BANGUI, July 20, 2012 – More than 15 Central African ministers joined the World Bank, development partners and civil society and private sector members for a portfolio feedback review session designed to strengthen performance and scale up the impact of projects in the country.
Abdou Karim Mekassoua, the CAR’s minister of state planning, economy and international cooperation, attended the three-day event and expressed the importance of partnership with the World Bank to improve conditions for the country’s poor.
“The CAR welcomes all the efforts undertaken by the World Bank to improve access to the CAR and help it combat poverty among the country’s poorest citizens,” he said. “All of these efforts should be supported if we hope to measure up to the task at hand. We also understand that it is entirely possible that our government will have to do more to allow us to improve our score in order to secure a better CPIA rating.”
The CAR’s CPIA score improved between 2009 and 2011, totaling 2.6, 2.8, and 2.8, respectively. The annual disbursement rate of 34% posted by the CAR appears to be higher than the target of at least 25% set for the Africa Region.
The World Bank’s total commitment in the Central African Republic increased from US$17 million in 2006 to US$332 million in 2012, and is even expected to increase further to around US$450 million with the approval by the Bank’s Board of Executive Directors for additional financing of US$125 million for the CEMAC Transport and Transit Facilitation Project (TTFP).
With a view to meeting the commitments made under the MDGs, the World Bank’s interventions focused on transportation, agriculture, mining, energy, the business environment, finance, and the education, health, water, and sanitation social sectors.
“The effective implementation of this partnership’s main projects now under way is expected to produce results that will help improve the CAR’s socioeconomic performance during its post-conflict recovery phase,” Mekassoua said.
The review not only served to inform participants of the status of implementation of the projects and their results, but also facilitated discussions on the CPIA with respect to the governance of the country and the analysis of the CAR’s business environment conducted by the IFC office in Bangui. The advantage of adopting this approach was that it informed the stakeholders of the major challenges facing the country.

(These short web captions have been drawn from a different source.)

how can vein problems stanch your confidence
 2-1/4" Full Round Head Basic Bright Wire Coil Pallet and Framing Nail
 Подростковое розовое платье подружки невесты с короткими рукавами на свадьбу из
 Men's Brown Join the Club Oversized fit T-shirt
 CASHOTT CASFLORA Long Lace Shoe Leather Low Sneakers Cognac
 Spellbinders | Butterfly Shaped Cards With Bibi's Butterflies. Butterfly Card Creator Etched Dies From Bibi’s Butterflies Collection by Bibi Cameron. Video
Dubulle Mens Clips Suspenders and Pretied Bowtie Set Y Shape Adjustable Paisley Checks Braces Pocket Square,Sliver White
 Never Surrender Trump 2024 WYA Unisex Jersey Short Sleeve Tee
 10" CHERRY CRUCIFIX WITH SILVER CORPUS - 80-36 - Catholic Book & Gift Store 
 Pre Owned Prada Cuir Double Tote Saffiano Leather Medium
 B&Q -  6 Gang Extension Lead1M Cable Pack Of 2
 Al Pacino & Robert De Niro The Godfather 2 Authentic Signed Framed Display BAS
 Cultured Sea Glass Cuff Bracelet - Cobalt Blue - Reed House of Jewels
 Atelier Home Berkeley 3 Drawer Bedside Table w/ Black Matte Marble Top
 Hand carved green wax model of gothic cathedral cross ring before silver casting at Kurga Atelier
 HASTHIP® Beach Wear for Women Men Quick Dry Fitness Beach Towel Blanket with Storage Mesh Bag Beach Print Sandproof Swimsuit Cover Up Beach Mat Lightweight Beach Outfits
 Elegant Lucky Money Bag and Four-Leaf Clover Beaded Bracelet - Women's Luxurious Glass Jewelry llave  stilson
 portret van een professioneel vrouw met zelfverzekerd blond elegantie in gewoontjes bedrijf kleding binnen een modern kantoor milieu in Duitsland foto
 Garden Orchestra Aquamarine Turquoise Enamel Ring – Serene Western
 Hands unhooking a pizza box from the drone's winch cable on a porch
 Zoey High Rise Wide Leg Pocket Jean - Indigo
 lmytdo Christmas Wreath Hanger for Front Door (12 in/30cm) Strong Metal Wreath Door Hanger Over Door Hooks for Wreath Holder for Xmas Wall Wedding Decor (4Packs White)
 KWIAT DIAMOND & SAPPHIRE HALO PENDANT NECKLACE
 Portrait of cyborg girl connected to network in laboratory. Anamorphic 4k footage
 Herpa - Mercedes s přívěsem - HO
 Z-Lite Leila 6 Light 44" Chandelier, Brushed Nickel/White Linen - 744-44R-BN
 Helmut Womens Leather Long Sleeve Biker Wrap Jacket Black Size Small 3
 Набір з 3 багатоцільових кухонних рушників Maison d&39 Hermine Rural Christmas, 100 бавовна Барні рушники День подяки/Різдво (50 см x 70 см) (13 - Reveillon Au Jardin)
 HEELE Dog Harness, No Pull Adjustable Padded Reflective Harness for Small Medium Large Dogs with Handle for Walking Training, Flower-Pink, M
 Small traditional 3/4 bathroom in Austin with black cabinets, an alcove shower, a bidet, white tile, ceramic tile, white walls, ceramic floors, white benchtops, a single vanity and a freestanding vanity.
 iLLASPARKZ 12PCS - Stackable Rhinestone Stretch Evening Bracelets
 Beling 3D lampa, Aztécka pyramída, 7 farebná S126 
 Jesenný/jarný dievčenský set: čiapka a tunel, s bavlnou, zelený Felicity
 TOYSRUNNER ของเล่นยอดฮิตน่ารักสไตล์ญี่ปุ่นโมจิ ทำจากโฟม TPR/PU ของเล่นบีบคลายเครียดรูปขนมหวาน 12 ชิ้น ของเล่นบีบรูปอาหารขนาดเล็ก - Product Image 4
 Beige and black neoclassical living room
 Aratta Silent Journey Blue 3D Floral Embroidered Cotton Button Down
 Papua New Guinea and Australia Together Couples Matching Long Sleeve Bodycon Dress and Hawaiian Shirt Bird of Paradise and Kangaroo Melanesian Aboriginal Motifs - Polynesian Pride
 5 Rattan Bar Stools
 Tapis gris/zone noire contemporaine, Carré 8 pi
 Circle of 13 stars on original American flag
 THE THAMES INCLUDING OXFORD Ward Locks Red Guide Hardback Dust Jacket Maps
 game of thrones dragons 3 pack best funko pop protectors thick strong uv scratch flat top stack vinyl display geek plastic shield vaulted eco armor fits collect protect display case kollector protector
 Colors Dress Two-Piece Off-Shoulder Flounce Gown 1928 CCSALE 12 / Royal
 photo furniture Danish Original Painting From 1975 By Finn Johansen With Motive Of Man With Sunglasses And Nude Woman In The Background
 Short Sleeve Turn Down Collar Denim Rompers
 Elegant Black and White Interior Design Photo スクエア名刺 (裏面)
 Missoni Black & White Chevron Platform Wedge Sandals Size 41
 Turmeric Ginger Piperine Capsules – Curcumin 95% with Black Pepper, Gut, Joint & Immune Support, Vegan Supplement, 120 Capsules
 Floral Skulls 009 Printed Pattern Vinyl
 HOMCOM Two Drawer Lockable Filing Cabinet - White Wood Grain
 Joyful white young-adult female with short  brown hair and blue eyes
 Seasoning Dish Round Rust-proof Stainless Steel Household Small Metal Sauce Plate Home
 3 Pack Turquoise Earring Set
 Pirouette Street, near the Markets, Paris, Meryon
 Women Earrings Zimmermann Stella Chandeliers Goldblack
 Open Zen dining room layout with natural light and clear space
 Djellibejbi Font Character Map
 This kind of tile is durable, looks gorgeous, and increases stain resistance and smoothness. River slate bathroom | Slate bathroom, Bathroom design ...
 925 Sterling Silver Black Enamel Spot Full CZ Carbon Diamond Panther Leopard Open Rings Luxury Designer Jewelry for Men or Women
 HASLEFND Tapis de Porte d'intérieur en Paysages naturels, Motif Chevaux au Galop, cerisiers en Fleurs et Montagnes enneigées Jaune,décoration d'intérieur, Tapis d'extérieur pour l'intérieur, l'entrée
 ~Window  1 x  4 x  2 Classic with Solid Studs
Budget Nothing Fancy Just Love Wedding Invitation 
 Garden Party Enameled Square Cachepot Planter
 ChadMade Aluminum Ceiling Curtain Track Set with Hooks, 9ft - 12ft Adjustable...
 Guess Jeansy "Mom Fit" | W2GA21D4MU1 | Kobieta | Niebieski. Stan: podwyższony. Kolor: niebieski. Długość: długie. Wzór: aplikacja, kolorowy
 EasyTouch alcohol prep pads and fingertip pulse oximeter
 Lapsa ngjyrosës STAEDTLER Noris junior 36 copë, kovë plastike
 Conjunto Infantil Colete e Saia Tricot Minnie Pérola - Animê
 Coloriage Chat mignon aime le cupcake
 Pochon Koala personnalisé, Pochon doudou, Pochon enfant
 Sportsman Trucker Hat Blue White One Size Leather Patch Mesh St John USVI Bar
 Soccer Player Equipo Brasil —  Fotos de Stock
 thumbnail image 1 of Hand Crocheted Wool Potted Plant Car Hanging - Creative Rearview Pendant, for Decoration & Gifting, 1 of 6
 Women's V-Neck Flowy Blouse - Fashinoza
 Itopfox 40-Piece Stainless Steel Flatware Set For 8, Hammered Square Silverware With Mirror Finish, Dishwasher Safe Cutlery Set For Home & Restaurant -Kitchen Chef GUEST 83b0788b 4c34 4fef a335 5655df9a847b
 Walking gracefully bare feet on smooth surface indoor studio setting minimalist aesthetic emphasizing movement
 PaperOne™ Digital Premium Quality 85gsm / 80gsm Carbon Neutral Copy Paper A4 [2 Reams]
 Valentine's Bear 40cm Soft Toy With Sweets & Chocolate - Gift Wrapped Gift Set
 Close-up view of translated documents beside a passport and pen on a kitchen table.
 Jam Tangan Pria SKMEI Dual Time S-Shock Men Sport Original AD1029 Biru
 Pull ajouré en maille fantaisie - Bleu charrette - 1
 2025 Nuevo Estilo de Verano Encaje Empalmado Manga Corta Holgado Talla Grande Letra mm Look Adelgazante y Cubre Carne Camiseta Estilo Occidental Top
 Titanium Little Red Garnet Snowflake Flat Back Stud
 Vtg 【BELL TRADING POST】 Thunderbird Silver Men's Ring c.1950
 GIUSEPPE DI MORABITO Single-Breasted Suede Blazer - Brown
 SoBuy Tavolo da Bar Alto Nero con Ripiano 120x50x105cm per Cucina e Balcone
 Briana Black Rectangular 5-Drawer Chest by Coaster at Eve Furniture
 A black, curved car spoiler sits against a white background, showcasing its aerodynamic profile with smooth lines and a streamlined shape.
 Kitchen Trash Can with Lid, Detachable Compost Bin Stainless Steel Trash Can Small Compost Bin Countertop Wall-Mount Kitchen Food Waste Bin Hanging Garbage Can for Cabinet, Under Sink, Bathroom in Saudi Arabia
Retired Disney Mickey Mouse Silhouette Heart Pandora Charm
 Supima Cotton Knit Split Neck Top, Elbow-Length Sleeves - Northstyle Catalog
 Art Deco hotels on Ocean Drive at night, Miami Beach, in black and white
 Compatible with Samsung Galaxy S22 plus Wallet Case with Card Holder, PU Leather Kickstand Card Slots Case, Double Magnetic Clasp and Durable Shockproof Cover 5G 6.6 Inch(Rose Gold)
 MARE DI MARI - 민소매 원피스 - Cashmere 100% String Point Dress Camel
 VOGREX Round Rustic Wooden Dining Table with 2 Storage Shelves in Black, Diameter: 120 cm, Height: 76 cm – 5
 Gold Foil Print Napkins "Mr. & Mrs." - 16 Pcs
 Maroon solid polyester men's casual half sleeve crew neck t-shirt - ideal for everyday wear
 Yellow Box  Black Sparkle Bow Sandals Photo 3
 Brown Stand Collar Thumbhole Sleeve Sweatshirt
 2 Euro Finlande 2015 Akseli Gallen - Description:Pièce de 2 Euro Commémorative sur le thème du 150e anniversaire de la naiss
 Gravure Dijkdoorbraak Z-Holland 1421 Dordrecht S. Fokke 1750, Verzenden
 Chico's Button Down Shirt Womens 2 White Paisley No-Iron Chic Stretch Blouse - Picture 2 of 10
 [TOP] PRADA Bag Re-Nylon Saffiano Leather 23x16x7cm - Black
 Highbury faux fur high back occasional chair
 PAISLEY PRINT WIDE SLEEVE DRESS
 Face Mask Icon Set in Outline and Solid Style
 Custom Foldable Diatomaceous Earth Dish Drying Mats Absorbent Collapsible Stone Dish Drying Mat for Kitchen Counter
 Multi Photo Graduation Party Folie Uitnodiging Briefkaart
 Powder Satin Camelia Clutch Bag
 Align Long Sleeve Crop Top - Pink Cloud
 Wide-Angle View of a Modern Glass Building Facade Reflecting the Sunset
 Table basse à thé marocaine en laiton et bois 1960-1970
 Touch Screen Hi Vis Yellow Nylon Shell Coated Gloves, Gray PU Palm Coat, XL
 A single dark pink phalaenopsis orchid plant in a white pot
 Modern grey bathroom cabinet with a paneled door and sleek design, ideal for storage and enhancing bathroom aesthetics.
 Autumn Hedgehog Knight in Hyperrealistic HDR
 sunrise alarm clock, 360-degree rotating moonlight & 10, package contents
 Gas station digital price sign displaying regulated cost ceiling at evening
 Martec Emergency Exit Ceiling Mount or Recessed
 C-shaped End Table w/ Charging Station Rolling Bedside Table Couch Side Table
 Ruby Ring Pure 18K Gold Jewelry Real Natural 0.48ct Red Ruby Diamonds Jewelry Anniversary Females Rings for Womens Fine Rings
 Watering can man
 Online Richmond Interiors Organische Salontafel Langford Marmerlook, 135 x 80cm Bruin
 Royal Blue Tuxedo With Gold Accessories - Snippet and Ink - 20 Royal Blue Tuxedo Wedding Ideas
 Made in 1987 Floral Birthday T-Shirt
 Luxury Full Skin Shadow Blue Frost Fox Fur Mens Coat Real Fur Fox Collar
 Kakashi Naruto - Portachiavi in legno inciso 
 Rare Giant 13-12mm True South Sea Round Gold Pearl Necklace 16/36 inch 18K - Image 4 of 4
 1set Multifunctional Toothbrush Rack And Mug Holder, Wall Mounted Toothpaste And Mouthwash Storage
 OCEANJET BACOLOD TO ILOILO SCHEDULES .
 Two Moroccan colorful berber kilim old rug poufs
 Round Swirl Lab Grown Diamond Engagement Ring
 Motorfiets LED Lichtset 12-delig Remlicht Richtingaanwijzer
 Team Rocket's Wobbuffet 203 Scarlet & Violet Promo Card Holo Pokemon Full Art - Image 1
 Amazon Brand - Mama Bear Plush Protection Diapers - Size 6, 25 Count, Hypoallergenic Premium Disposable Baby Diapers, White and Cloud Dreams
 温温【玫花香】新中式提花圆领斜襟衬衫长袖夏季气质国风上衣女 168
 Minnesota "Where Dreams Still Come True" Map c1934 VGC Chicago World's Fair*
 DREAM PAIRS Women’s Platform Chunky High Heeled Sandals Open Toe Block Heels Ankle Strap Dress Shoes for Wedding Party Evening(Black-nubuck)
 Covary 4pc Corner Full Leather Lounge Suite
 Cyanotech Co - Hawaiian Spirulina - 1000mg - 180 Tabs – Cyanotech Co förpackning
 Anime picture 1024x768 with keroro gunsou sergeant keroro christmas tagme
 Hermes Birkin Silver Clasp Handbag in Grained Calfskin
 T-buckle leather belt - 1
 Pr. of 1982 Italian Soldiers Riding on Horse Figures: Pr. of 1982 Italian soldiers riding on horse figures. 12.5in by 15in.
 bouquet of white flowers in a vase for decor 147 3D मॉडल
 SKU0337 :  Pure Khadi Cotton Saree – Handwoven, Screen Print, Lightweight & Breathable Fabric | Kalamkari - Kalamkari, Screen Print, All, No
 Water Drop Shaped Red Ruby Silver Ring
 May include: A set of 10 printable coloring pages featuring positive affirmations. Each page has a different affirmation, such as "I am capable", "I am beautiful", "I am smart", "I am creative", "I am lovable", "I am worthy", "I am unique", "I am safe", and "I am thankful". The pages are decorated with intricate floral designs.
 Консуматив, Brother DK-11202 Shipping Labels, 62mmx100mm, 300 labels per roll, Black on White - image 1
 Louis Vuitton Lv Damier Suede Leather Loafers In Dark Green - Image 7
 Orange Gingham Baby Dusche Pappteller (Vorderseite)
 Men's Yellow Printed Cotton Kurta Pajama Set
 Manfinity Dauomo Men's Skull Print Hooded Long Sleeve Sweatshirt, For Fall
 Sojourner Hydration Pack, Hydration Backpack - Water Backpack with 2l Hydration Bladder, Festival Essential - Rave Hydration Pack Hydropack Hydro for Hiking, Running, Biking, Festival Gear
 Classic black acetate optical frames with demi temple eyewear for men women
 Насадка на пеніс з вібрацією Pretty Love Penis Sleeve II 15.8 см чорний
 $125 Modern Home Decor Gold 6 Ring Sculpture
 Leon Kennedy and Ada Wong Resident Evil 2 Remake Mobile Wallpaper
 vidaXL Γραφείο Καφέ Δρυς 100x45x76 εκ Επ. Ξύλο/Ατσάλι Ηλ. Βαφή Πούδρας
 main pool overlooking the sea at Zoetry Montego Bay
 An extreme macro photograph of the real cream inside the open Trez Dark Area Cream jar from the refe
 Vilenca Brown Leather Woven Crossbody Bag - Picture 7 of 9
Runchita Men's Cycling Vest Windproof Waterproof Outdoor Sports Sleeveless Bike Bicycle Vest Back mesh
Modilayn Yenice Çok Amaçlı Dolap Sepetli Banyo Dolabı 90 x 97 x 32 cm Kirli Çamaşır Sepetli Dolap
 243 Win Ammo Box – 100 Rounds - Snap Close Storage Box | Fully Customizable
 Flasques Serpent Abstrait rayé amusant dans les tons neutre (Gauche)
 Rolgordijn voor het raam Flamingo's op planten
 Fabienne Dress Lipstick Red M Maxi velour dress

David Tchuinou, senior World Bank economist, opened the discussions with a focus on the key criteria of this evaluation system and the major challenges that the government had to overcome in order to improve its score. During the spirited discussions, key learnings were shared by several participants.
Gbegba Noel, special assistant in the Ministry of Infrastructure and coordinator of the PFT, to say the review was a “critical” exercise for the CAR.
“It just dawned on me that if we make a little effort to organize our administration in accordance with our regulatory frameworks, we will collect billions, because the CPIA indices are clear,” said Noel.
Midou Ibrahima, World Bank country manager for CAR, cautioned against self-congratulation by pointing out to the stakeholders that although there have been successes, a number of challenges remain.
“One of the major challenges at the global level and in Africa is employment, particularly youth employment,” he said. “An appropriate response to this challenge cannot be formulated without a vibrant and competitive private sector. This is why improving the business climate in the CAR must be central to our concerns. The second challenge is to further increase the number of interventions, which is contingent on the portfolio’s sound and efficient management, the indicator of good governance.”
The review’s findings also mentioned a number of weaknesses that must be corrected in the implementation of projects in the CAR. These include, among others, weak national capacity to take ownership of projects, thus raising the issue of sustainability; the slow pace of disbursements; and the weak capacity of procurement entities.
“These identified points must be everyone’s concern because the results of our actions will also depend on the application of appropriate solutions,” Ibrahima said. “This is why I firmly believe that the recommendations from our discussions will have maximum impact if we successfully monitor and ensure their effective implementation.”